**Data records:**
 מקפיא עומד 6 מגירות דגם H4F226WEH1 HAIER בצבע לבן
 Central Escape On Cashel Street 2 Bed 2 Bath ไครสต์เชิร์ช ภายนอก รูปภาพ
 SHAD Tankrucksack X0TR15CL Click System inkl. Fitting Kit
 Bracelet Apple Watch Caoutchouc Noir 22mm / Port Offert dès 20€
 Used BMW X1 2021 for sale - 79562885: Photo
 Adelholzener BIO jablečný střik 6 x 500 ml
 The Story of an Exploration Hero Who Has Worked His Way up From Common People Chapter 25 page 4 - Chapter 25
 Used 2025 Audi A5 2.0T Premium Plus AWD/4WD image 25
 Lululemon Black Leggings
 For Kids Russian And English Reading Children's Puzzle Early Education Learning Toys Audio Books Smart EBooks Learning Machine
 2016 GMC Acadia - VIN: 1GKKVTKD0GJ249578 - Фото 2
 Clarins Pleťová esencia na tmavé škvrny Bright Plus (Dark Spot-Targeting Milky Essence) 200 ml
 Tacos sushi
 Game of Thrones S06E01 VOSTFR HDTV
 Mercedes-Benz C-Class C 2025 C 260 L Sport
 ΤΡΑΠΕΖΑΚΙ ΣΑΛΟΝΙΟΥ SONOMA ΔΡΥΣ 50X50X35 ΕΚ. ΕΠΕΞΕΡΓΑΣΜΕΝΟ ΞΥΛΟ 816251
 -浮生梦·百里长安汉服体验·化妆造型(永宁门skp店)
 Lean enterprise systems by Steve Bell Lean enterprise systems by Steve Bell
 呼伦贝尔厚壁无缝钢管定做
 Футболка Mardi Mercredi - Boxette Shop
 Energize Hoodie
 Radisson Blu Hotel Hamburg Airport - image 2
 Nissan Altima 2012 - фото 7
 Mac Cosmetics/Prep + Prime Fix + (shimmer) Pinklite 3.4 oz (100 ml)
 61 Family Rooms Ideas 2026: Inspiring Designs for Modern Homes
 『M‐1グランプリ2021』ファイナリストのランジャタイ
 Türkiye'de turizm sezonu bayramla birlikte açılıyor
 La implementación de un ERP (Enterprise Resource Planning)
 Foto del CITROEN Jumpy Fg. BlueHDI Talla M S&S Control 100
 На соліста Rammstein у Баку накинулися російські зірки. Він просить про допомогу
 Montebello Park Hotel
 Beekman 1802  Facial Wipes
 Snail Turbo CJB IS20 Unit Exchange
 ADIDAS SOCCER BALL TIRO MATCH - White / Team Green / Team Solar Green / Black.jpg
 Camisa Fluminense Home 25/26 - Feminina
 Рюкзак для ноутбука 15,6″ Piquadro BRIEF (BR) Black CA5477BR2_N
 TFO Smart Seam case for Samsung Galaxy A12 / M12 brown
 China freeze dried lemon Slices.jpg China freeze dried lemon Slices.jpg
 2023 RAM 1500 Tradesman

**Exercise requirements:** Please give back exactly the lines of this listing beginning at the line with "Adelholzener BIO jablečný střik 6 x 500 ml" and ending with the line with "Lululemon Black Leggings", both included, and nothing else.

**Your solution:**
 Adelholzener BIO jablečný střik 6 x 500 ml
 The Story of an Exploration Hero Who Has Worked His Way up From Common People Chapter 25 page 4 - Chapter 25
 Used 2025 Audi A5 2.0T Premium Plus AWD/4WD image 25
 Lululemon Black Leggings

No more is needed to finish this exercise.